NTSB: Pilot’s Underestimation Of Current Caused Todd Brown Sinking
The National Transportation Safety Board (NTSB) released a report on the sinking of the 1,800 hp. mv. Todd Brown on April 17, 2017, that concluded that the probable cause of its sinking was “the pilot’s underestimation of the effect of the river current on the barge string being maneuvered during a de-drifting operation.”
The Todd Brown sank when it allided with a string of moored barges along the right descending bank of the Lower Mississippi River near Mile 940, about 4 miles from Columbus, Ky. Damage to the vessel was estimated at $1.5 million.
The Mississippi River was running at a “historically high level due to excessive runoff from melting snow and recent rainstorms,” according to the report. On April 17, gauges at Cairo, Ill., measured 36 feet, or 4 feet higher than normal. The Coast Guard had established an Incident Command Unit to coordinate response efforts to flooding and to issue tow size restrictions.
The report said that the increased current brought a “substantial amount of debris” such as tree limbs that accumulated by the head of the moored barges, increasing strain on the mooring lines. In order to remove the debris, or “drift,” boats such as the Todd Brown would perform de-drifting operations in which barges would be untied to allow the river current to flush debris downstream.
At about 1:30 p.m., the Todd Brown and another Ingram towboat, the 1,020 hp. Ot Adkins, began to reposition a string of four empties from the No. 8 fleet to the No. 6 fleet upstream before returning to the No. 8 fleet. The Todd Brown’s pilot had 17 years of experience, and the horsepower of both boats exceeded company recommended practice, the report said.

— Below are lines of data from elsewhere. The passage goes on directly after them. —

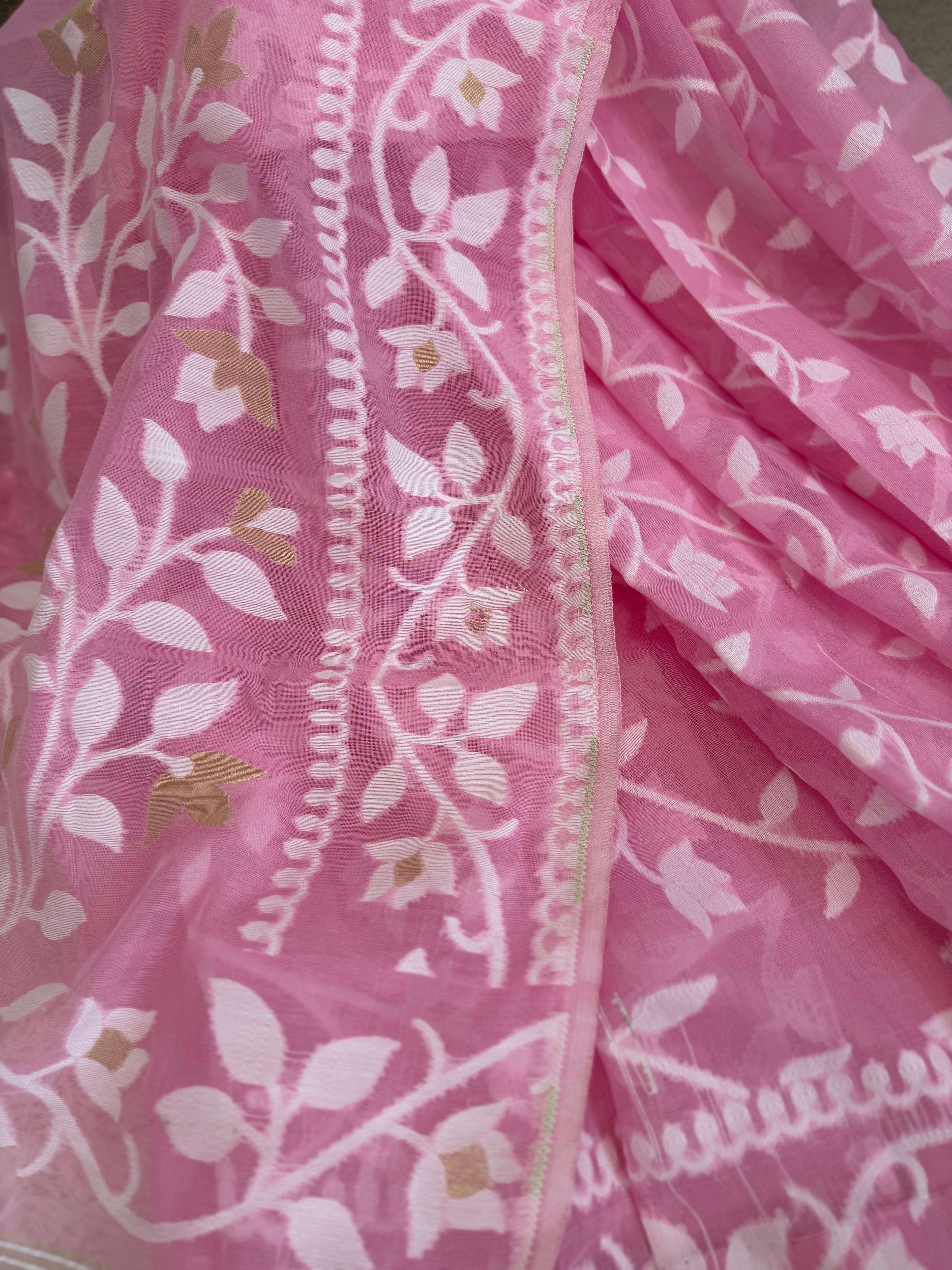 Soft Muslin Jamdani - Blush Pink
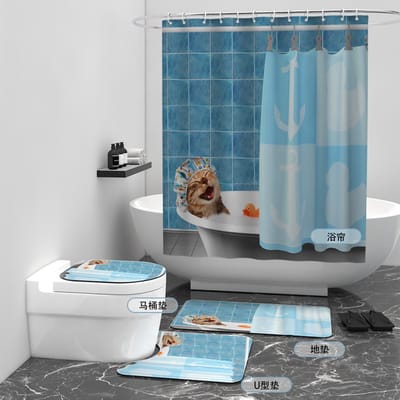 Floraweg Douchegordijn,Shower Curtain,badgordijn,badkamergordijn,De kat poes in de waskamer,-topkwaliteit - digitale printen -Anti Schimmel - Inclusief 12 ringen -met 12 stuks douchegordijnhaken – Waterdicht -Wasbaar- Polyester - 180x200 cm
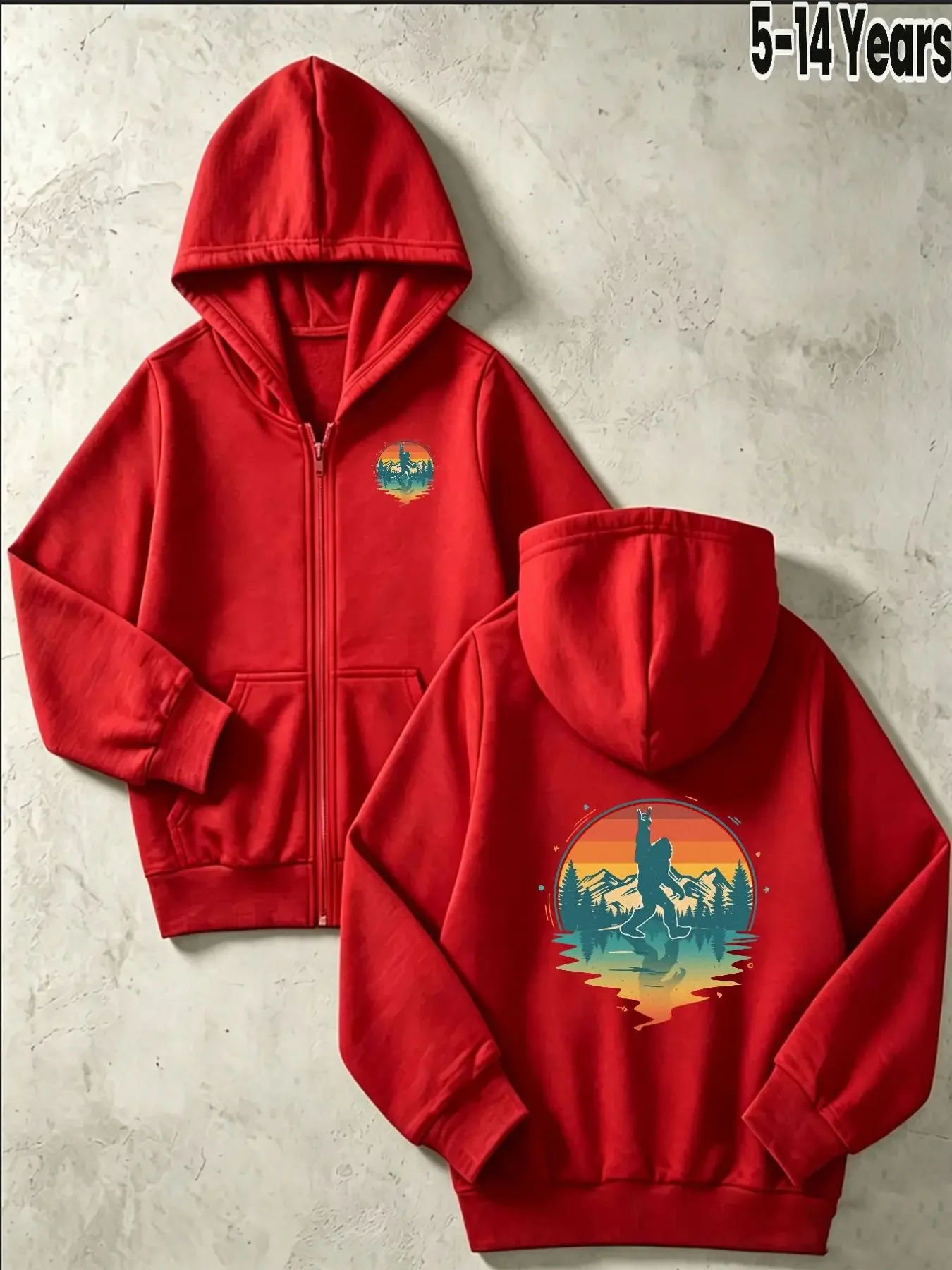 Kids Retro Sunset Bigfoot Mountain Graphic Zip Up Hoodie Loose Long Sleeve Hooded Jacket Outdoor Casual Outerwear For Boys Girls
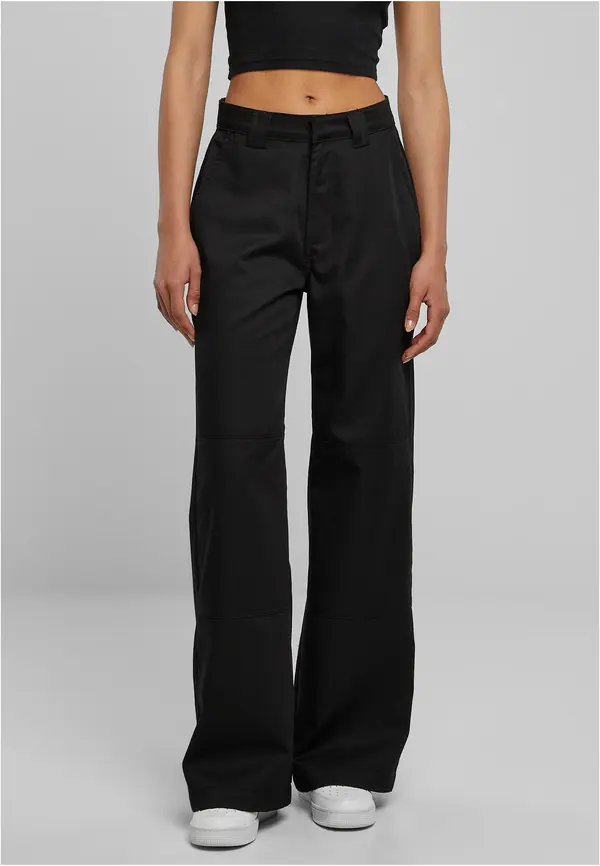 Urban Classics Women's work trousers with straight legs black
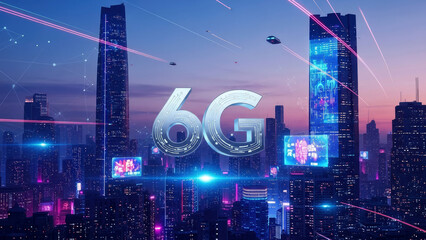 A futuristic cityscape illuminated by neon lights, showcasing 6G network wireless systems. Future technology and  innovation concept.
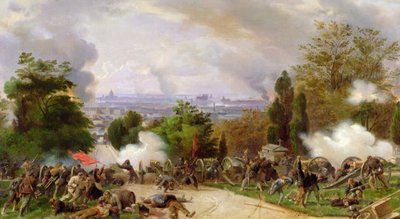 1871'de Pere Lachaise mezarlığında kavga (tuval üzerine yağlı boya) by Felix Philippoteaux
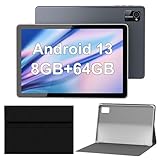 10 Inch Android 13 Tablet, Octa-Core Processor, 7000mAh Battery, 8GB RAM 64GB ROM 512GB Expansion, 1280x800 IPS, 8MP+5MP Dual Camera, WiFi, Bluetooth, GPS, GMS Certified(Gray-Blue)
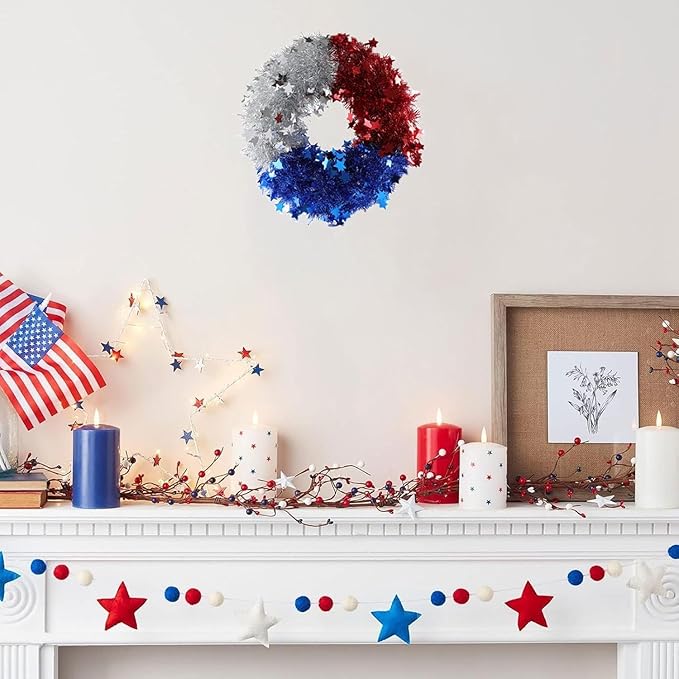 Patriotic Wreath for Front Door Red White Blue Wreath 4th of July Wreaths for Door Wall Memorial Day Decor Independence Day Hanging Decoration for Outside Home Farmhouse Holiday (Shiny B)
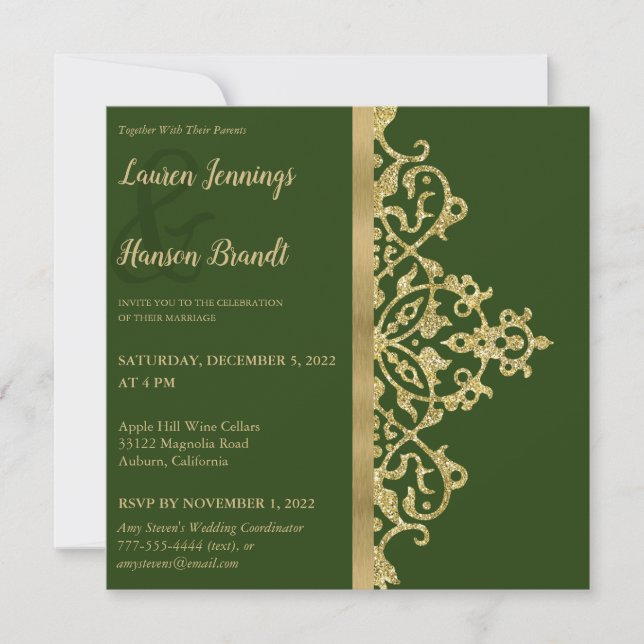 Splashy Gold Elegance Wedding Invitation (Front)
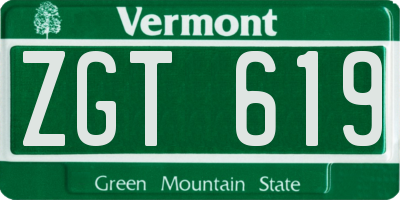 VT license plate ZGT619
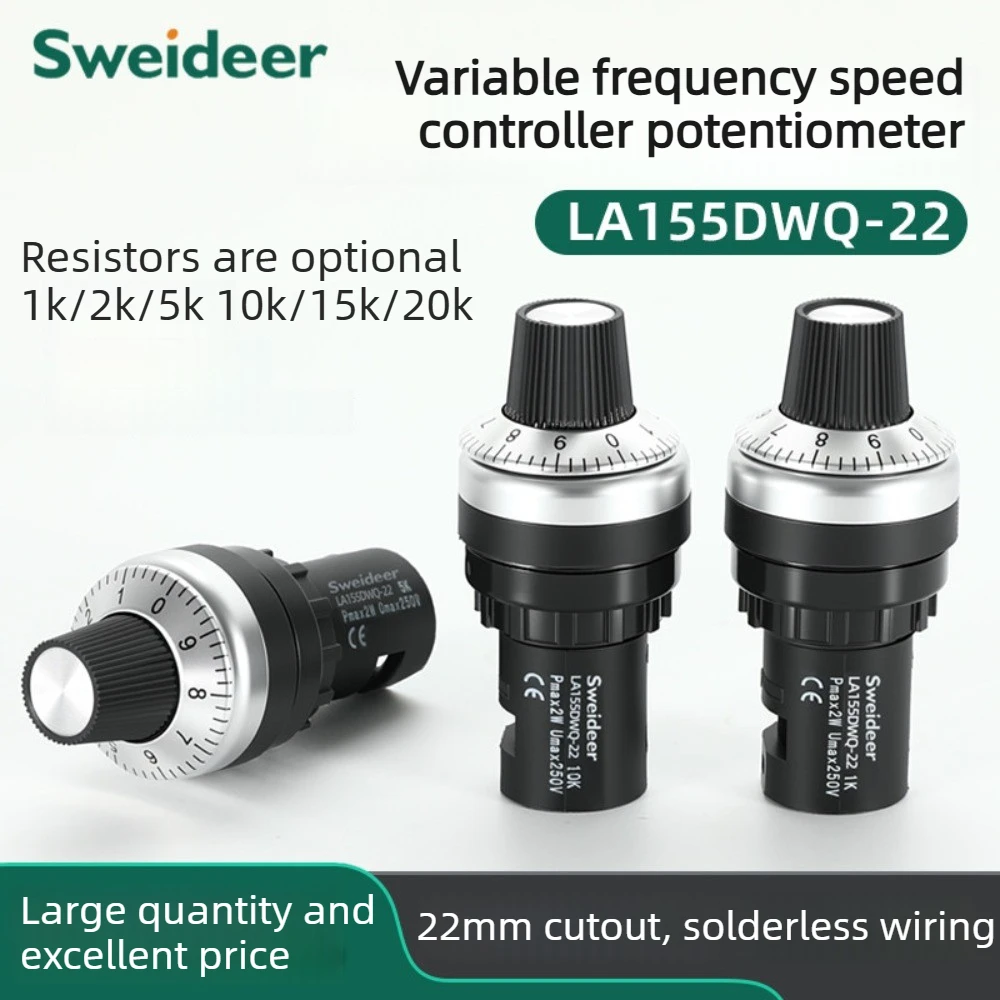 22mm Potentiometer Knob Switch LA155DWQ-22 Series Adjustable 10K Precision Speed Controller Frequency Converter 1K5K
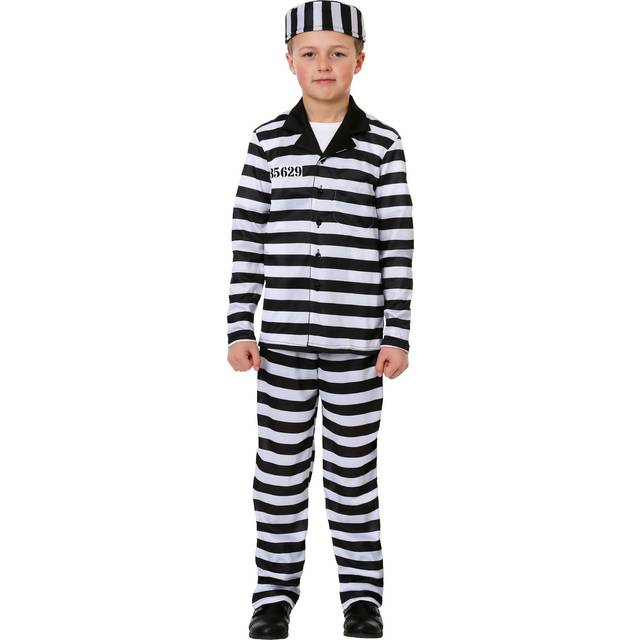 Deluxe Button Down Jailbird Boys Costume | Prison Costumes - Black&#47;White (S)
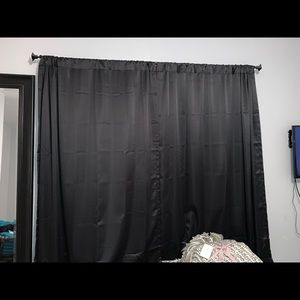 Black window curtain panels (3)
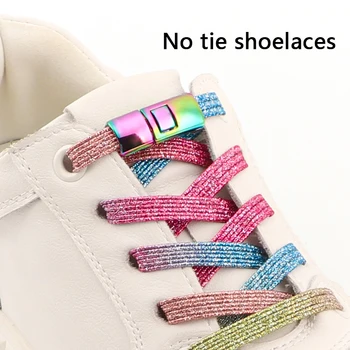 Красочные Эластичные Шнурки Без завязок, Простые в использовании Радужные Шнурки на Плоской подошве Для Кроссовок С Нажимным Металлическим Замком, Ленивые Шнурки для обуви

The crew doubled up all fore and aft couplings between the string of four barges. The Todd Brown faced up to the aft end of the string, while the Ot Adkins was positioned along the starboard side of the lead barge. As the Todd Brown’s pilot moved the string into the river, its profile was exposed to an 8 mph. current that pushed the Todd Brown backwards, despite its engines being on full ahead. The Todd Brown’s pilot asked the Ot Adkins’ crew to attach a line from their vessel to the shoreline to swing the barge string back toward the shoreline and out of the current.
But as the current began to “overwhelm” both boats, the report said, the pilot told his own crew to disconnect the Todd Brown from the string so that he could maneuver to the port side of the drifting string. He subsequently became trapped behind the barge string and allided with the moored lead barges of the No. 9 fleet, 250 feet downriver, pinning the boat to the moored barges, where the current forced its head down into the water. The Todd Brown sank at 3:30 p.m. and came to rest in about 35 feet of water. All six crewmembers climbed aboard an adjacent barge without reported injury.
The twin-screw Todd Brown was built in 1977 in St. Louis Ship. Originally named the John Welch, it was operated by Federal Barge Lines until sold in 1984 to Midland Enterprises Inc. It was sold to Ingram Barge Company and renamed the Todd Brown in 2005. It was operated by Great Rivers Marine Service.
The full report is available on the NTSB’s website, www.ntsb.gov.